The Vols (3-2, 0-1 SEC) will have to make strides in a number of areas if they’re to have any hope of knocking off No. 6 Georgia (3-1, 2-0) on Saturday at Neyland Stadium (TV: CBS, 3:30 p.m.)
But that doesn’t mean there weren’t things to build on. Let’s take a look.
1. The Vols got better on first downs, which means they also got better on second downs.
Vols' yards per play
Last week we examined Tennessee’s first down offensive inefficiency and how that led to second-and-long situations in which the Vols were even worse.
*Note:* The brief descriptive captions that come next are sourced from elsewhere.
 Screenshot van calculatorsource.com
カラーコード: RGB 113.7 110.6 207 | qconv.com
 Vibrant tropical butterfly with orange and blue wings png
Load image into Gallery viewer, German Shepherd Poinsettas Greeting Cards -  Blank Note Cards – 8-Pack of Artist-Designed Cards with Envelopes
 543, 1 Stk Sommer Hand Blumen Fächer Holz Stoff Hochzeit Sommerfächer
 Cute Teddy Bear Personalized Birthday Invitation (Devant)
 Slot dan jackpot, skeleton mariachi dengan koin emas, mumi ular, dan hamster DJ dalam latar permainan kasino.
Against Oregon and Florida, the Vols had 25 plays on second down and eight yards or longer. They managed only 41 yards, an average of 1.64 per play. When Nathan Peterman was in the game, the Vols had eight second-and-longs and netted -3 yards.
That changed against South Alabama.
The Vols averaged 8.1 yards per play on first downs. That forced UT into fewer second-and-long situations.
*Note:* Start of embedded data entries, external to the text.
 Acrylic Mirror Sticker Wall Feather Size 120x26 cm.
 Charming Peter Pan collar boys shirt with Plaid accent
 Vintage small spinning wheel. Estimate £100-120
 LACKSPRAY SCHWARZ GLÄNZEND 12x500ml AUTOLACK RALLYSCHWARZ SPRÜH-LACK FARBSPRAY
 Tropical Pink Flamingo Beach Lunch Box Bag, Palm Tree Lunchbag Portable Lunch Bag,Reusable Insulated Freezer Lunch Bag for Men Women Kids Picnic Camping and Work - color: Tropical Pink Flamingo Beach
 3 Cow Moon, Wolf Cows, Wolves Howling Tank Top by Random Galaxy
The Vols collected 67 yards on 12 plays from second-and-8 or longer, a much more respectable 5.6-yard average.
2. The Vols are getting better on third downs on defense.
Vols' defense on 3rd downs
We reviewed the Vols’ new 3-3-5 personnel look this week. The Vols are making progress in pressuring the quarterback, and are getting off the field more often on third downs.
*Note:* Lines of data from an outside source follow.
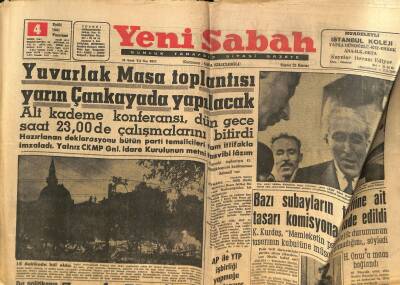 Yeni Sabah Gazetesi 4 Eylül 1961 - Ike , Nixonu Destekleyecek - Yuvarlak Masa Toplantısı Yarın Çankayada Yapılacak GZ124076 - 1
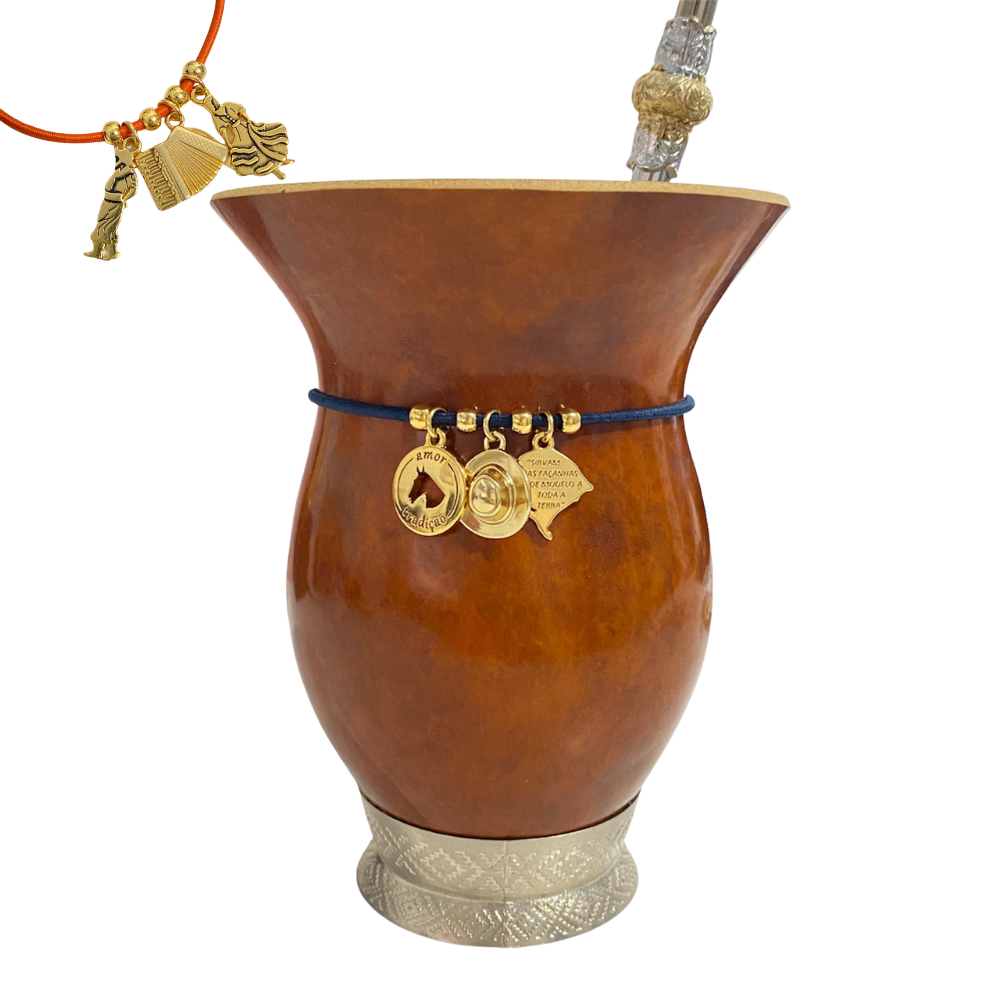 Pulseira / choker para cuia de chimarrão com pingentes de Gaúcho: Mapa do RS, Chapéu e Cavalo ou Gaúcho, Prenda e Gaita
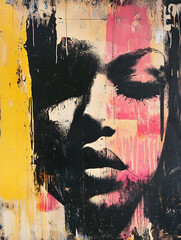 Poster - Abstract Female Face Art on Canvas with Vibrant Colors and Expressive Brushstrokes : Generative AI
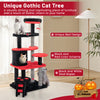 Gothic cat tree in black and red featuring a unique bed design, sisal scratching posts, and a spacious hideaway condo.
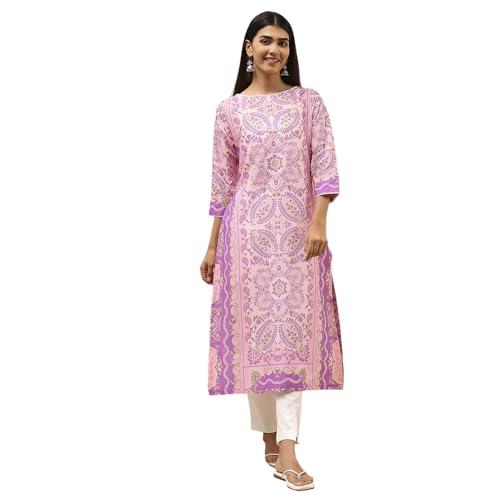 Image of BIBA Women Cotton Straight Fit Straight Printed Kurta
3. The Tennessee defense has faced a variety of offensive looks this year, which could help prepare them Georgia’s strong and balanced offensive attack.
Vols' defensive sets
Or perhaps that’s wildly optimistic. In any case, the Vols have plenty of experience in mixing and matching different sets to adjust to an opponent’s personnel.
Now look back to last week...
1. Tight end Brendan Downs: He sustained some sort of an injury on the opening play of the game, but never left. He played 27 snaps lined up as an H-back, 25 as tight end, three snaps as a wideout and one snap in which he was essentially an offensive tackle because of the formation. The Vols averaged 7.1 yards per play when Downs was in the game.
2. Wide receiver Jason Croom: He played his “best game,” according to Butch Jones, catching three passes for 50 yards. That helped his boost his per-play average: The Vols averaged 8.9 yards when he was on the field against South Alabama. For the season as whole, Croom (6.2) has a healthy lead on rival Josh Smith (5.3) in yards per snap.
3. Safety Byron Moore: Jones suggested the Vols needs to use more reserves in the secondary. Moore was able to give starter LaDarrell McNeil a rest on Saturday with little dropoff. In Moore’s 16 snaps, South Alabama had only 56 yards.
Reserve linemen Klyer Kerbyson picked up three plays when starter Ja'Wuan James lost his hat. Tight end A.J. Branisel entered the game early and caught a touchdown pass. Rajion Neal became a workhorse after Marlin Lane went down with an injury.
Vols' offensive snap count, Oct. 1, 2013
Aside from the previously mentioned Moore, the reserves didn't get much work in the back end of the Vols' defense. JaRon Toney did win back his job from Devaun Swafford, although it appears that is subject to change from week to week.